This weekend I took a truckload of my mother’s junk to the Falmouth town dump. Inside the gate is a Quonset hut with a sign saying “Pick of the Litter.” You can leave stuff that has a second life there. I had a bunch of plastic bins, a kid’s rocking chair, and a stag head whose taxidermy had come apart at the seams. Also two cots. As I came up, a woman came over to ask for the rocking chair. Then a guy wanted the deer head. Said he’d never shot a buck. I saw a few families standing near the hut, waiting to land on the cots. But shy, ashamed.
I didn’t see any signs of want, hanging out in the scientific community my parents go to. People seemed to be leading their good lives, undisturbed. Driving out of town I saw a line of SUVs trying to get in.

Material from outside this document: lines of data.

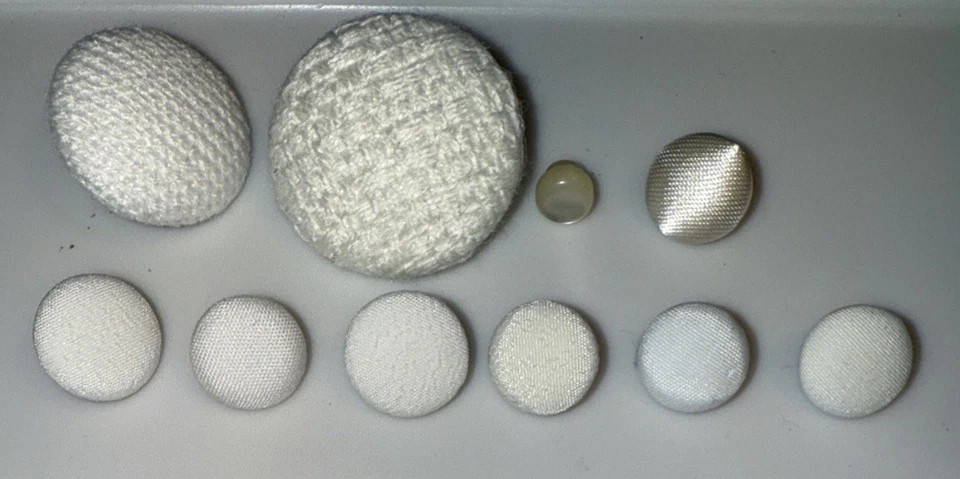 Estate Lot Of 9 White Fabric Covered Shank Buttons And 1 Tiny Pearl Shank Button - Image 1 of 3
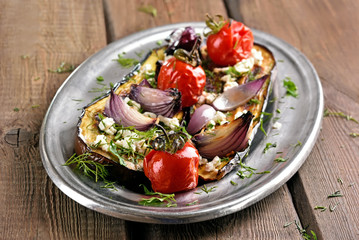 Stuffed eggplant with fried vegetables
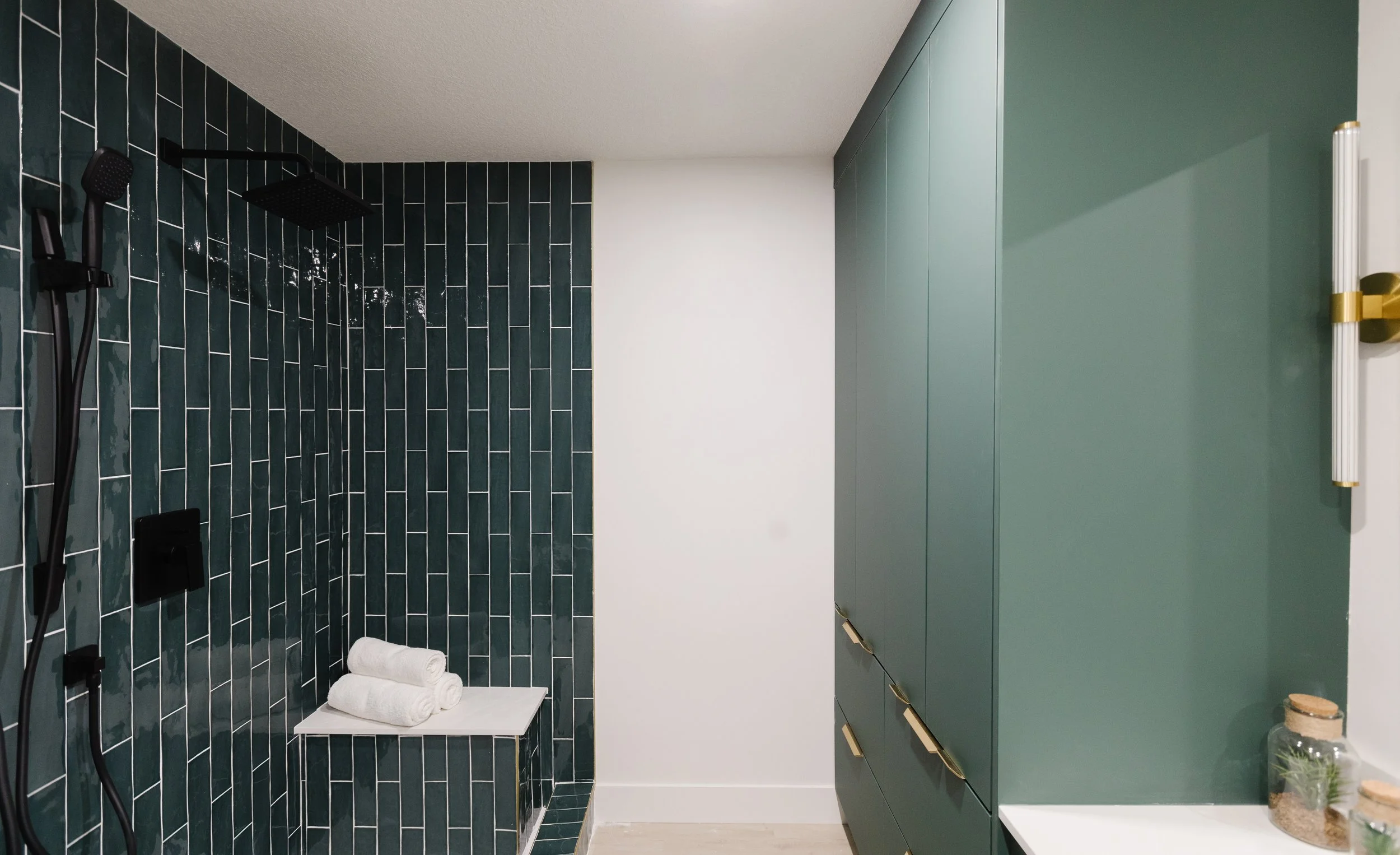 Photo of a teal-coloured bathroom with a teal tiled stand-up shower facing a teal green cabinet with gold fixtures
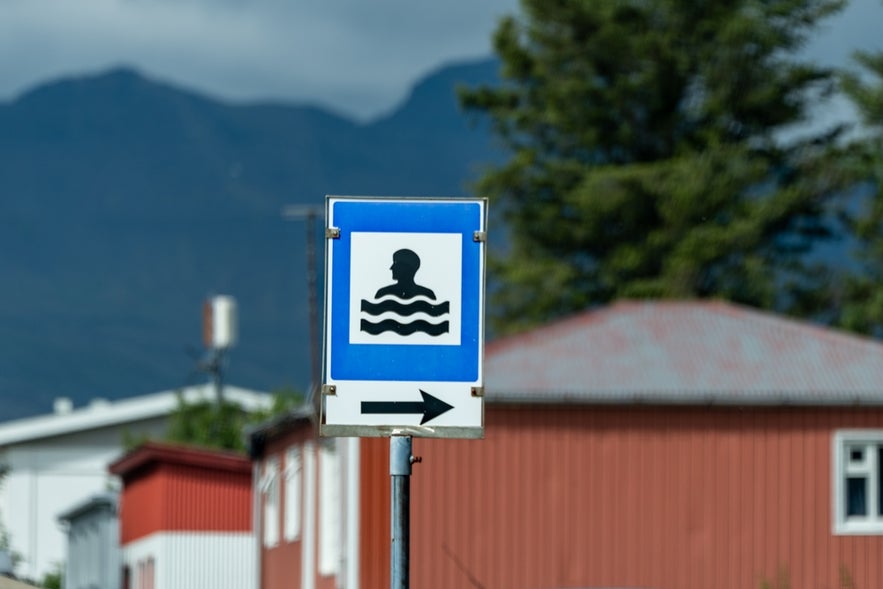 A blue and white square service sign with a black image of a person in water indicates the presence of a swimming pool.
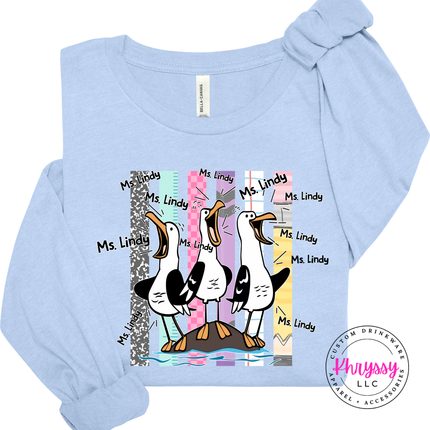 Baby Blue long sleeve tee with a personalized seagull teacher design and custom name.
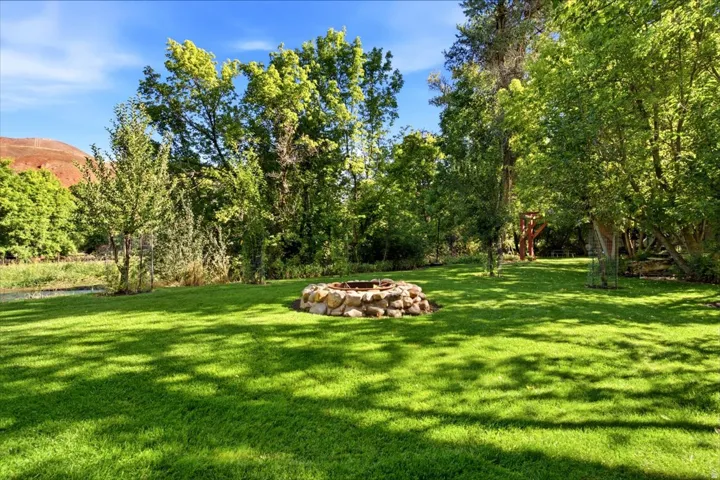 Expansive grounds featuring a manicured lawn with mature shade trees and natural stone fire pit, set against rolling hillside backdrop with established tree canopy providing year-round privacy and character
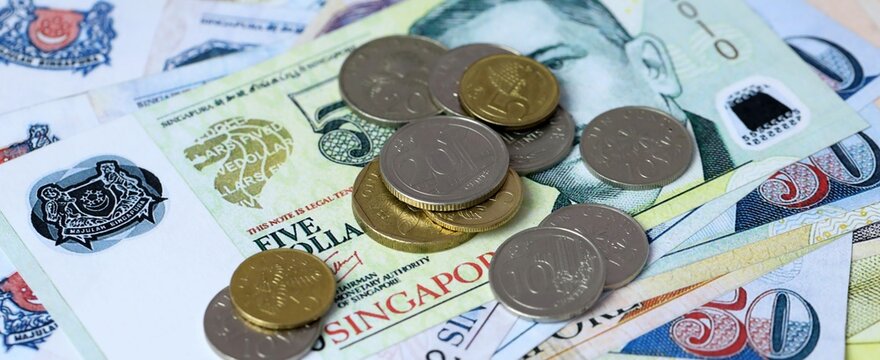 Singapore dollar money bills and coins on table. Singapore cash of SGD currency close up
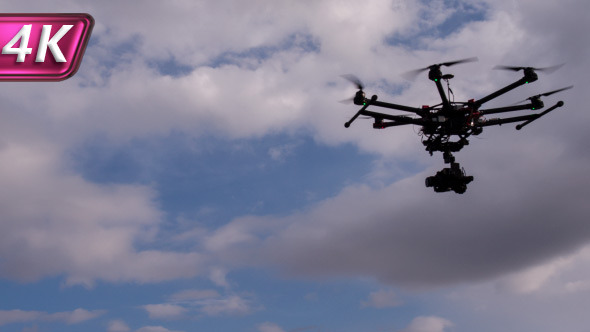 Copter Hovers Above the Ground alt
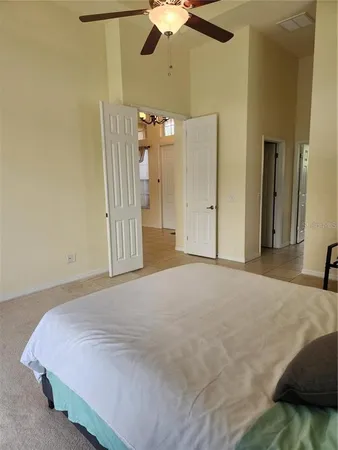 a spacious bedroom with a bed closet and chandelier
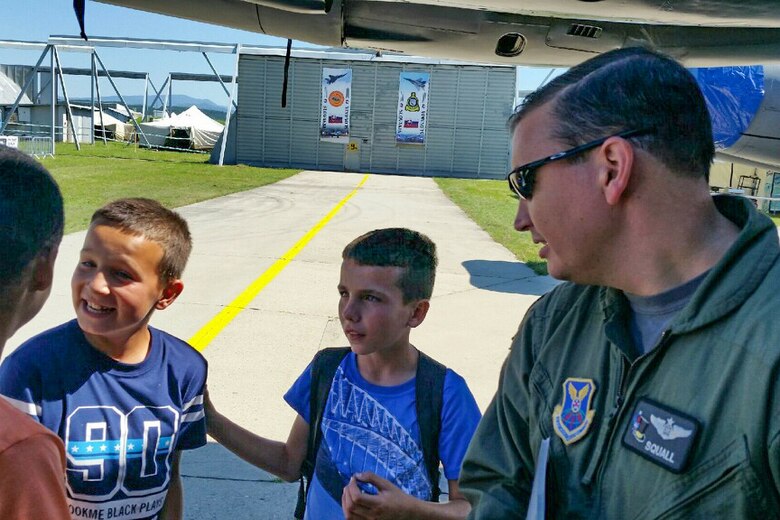 U.S. Air Force Capt. David McClintic, a B-52H Stratofortress aircrew member from the 11th Bomb Squadron, answers questions from a group of Slovakian school students during a tour of the bomber on Aug. 26, 2016, Sliač, Slovakia. The students were given a special tour of the aircraft prior to the Slovak International Air Fest. (U.S. Air Force photo by Master Sgt. Andrew Branning/Released)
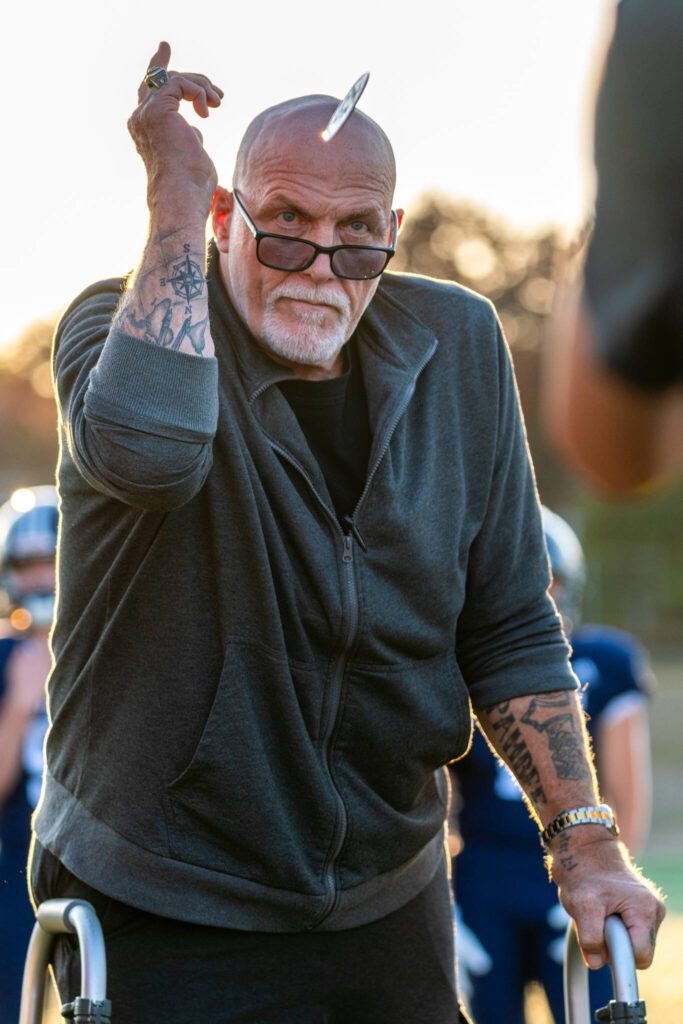 Curt Marsh, 1976 High School All-American football player for the Snohomish state championship football team, flips the game coin before a game between Snohomish and Glacier Peak on Sept. 1, 2023, at Snohomish High School. (John Gardner / Pro Action Image)
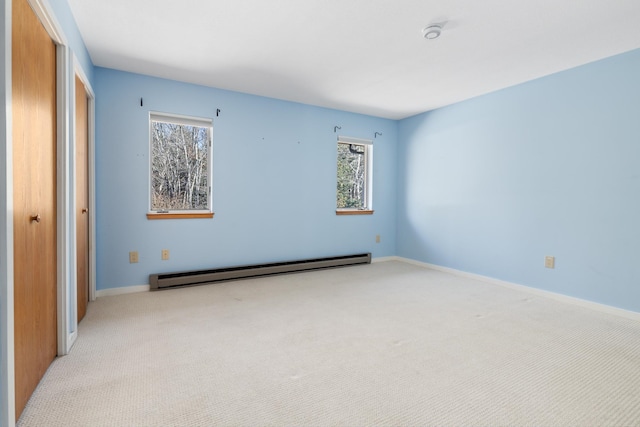 carpeted spare room with a baseboard heating unit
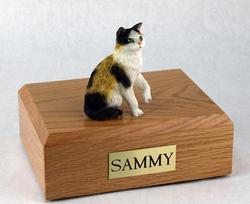 Cat sculpture on wood cremation box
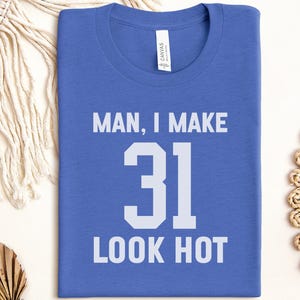 May include: Royal blue t-shirt with the text "MAN, I MAKE 31 LOOK HOT" in white block letters. The shirt is a crew neck style and is folded neatly. The shirt is made of a soft material.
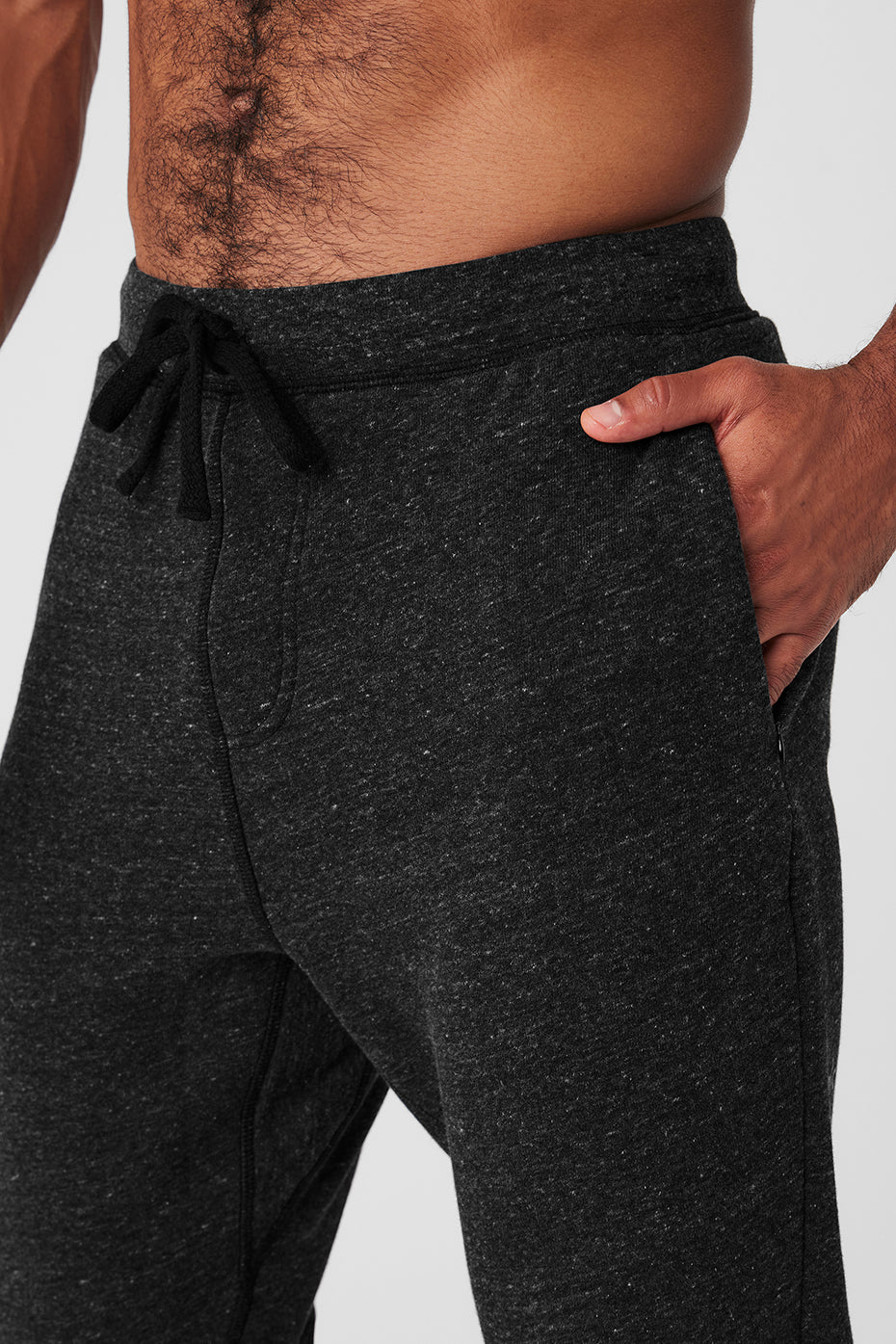 Front angle of mens workout pants with zip pockets and ribbed calves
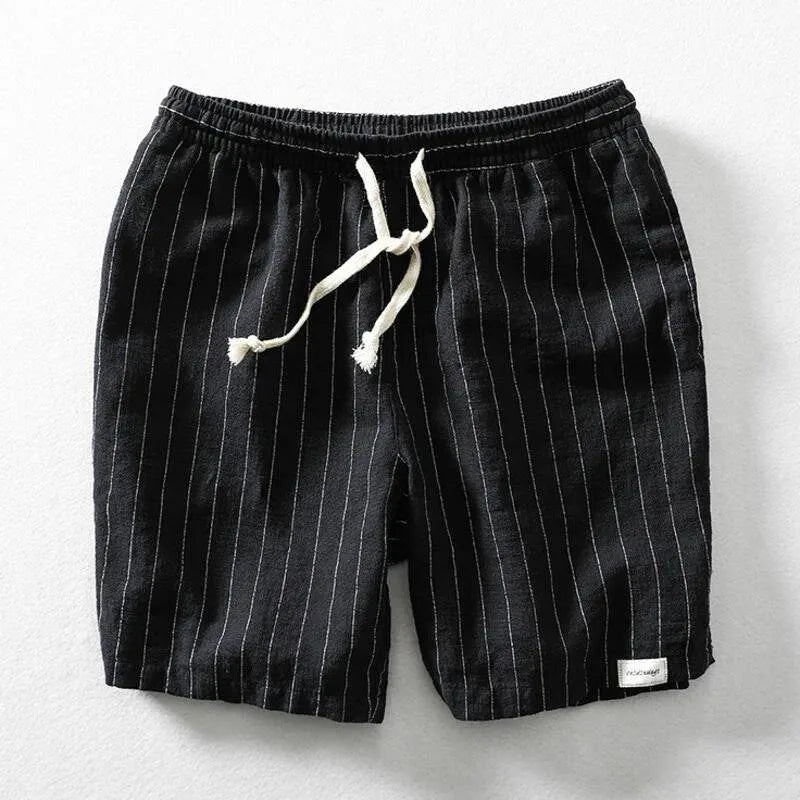 Black pinstripe linen-blend shorts with white drawstring cord, flat lay view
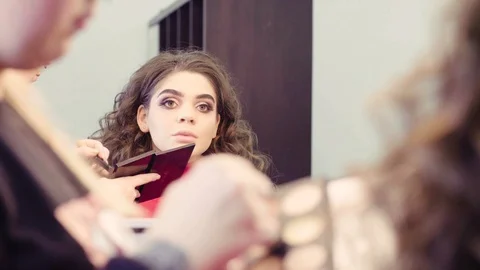 The makeup artist applying powder on the face Stock Footage 88556023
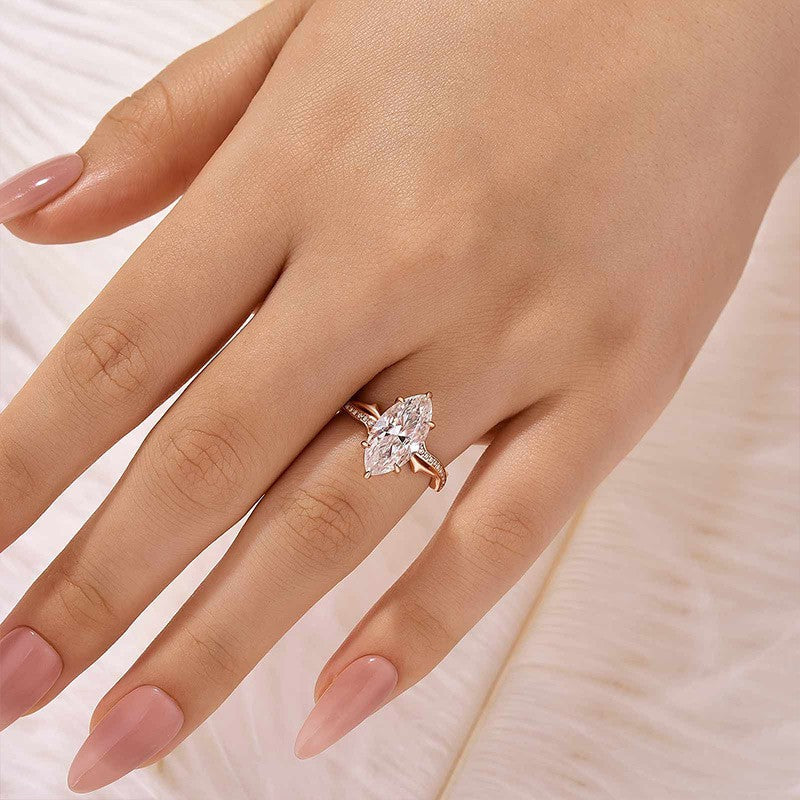 Aurevyn Moissanite 3.0Ct Marquise Cut Rose Gold Twist Engagement Ring In Sterling Silver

I know the gas prices are kicking a lot of people in the behind. And I don’t like filling my heating oil tank for $1000 a pop, I’m going to keep the heat down even more this winter. My grocery bills are way high. But I sense the atmosphere of hard times more than I experience it personally; I have to admit I’m not that hurt by the gas prices. I’m not one of the people they do stories about on television. And I didn’t see any of those people on my vacation, till I got to Pick of the Litter. My wife’s good friend is in France right now, I’m planning a trip to the Mid East.
What’s the point? I sense that the big gulf between globalized rich and poor in our society is playing itself out in this economic crisis. The bad times are hurting the middle class, such as it is, the working class, on down. But a lot of people aren’t deeply affected–including most corporate journalists. I wish the networks would report on that. Who’s not getting hurt? How big is this class of which I’m a part? And isn’t it Obama’s base?